■ **To do**:
Output the listing exactly as written, apart from its pictures.

■ **Given data**:
==================================================
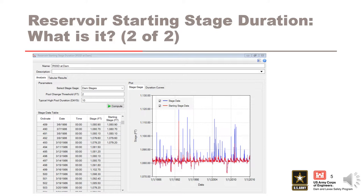Reservoir starting stage duration curves represent the percent of time during which antecedent reservoir stages are exceeded. This plot is the result of an analysis where the observed daily stage data is filtered before calculating the duration curves. The user input daily stage gauge data is shown in blue and the filtered stage data is shown in red. As you can see in the example, most of the largest peak stages have been removed from the stage data. The filtering of the stage data is performed to remove flood events from the starting stage data set.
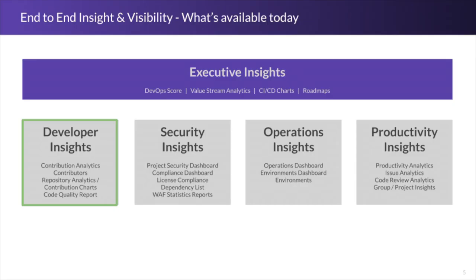While the value stream analytics that we started with focuses on the entire software development lifecycle process, GitLab is offering metrics and KPIs that allow management within organizations to have customized metrics that drill down in a systematic way that covers patterns and causes for successes and failures, whether it's at the individual, project, or group level.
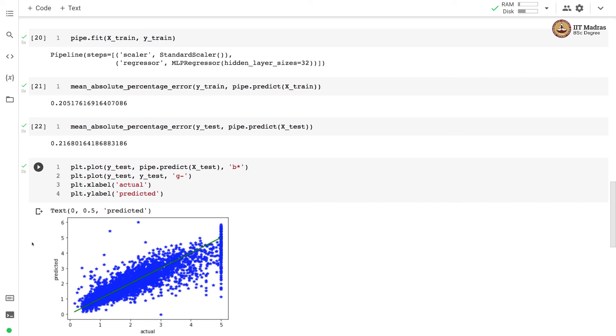So in this video we trained MLPRegressor on California housing dataset and demonstrated how to use MLPRegressor in regression problems.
==================================================
■ **Reply**:
Reservoir starting stage duration curves represent the percent of time during which antecedent reservoir stages are exceeded. This plot is the result of an analysis where the observed daily stage data is filtered before calculating the duration curves. The user input daily stage gauge data is shown in blue and the filtered stage data is shown in red. As you can see in the example, most of the largest peak stages have been removed from the stage data. The filtering of the stage data is performed to remove flood events from the starting stage data set.
While the value stream analytics that we started with focuses on the entire software development lifecycle process, GitLab is offering metrics and KPIs that allow management within organizations to have customized metrics that drill down in a systematic way that covers patterns and causes for successes and failures, whether it's at the individual, project, or group level.
So in this video we trained MLPRegressor on California housing dataset and demonstrated how to use MLPRegressor in regression problems.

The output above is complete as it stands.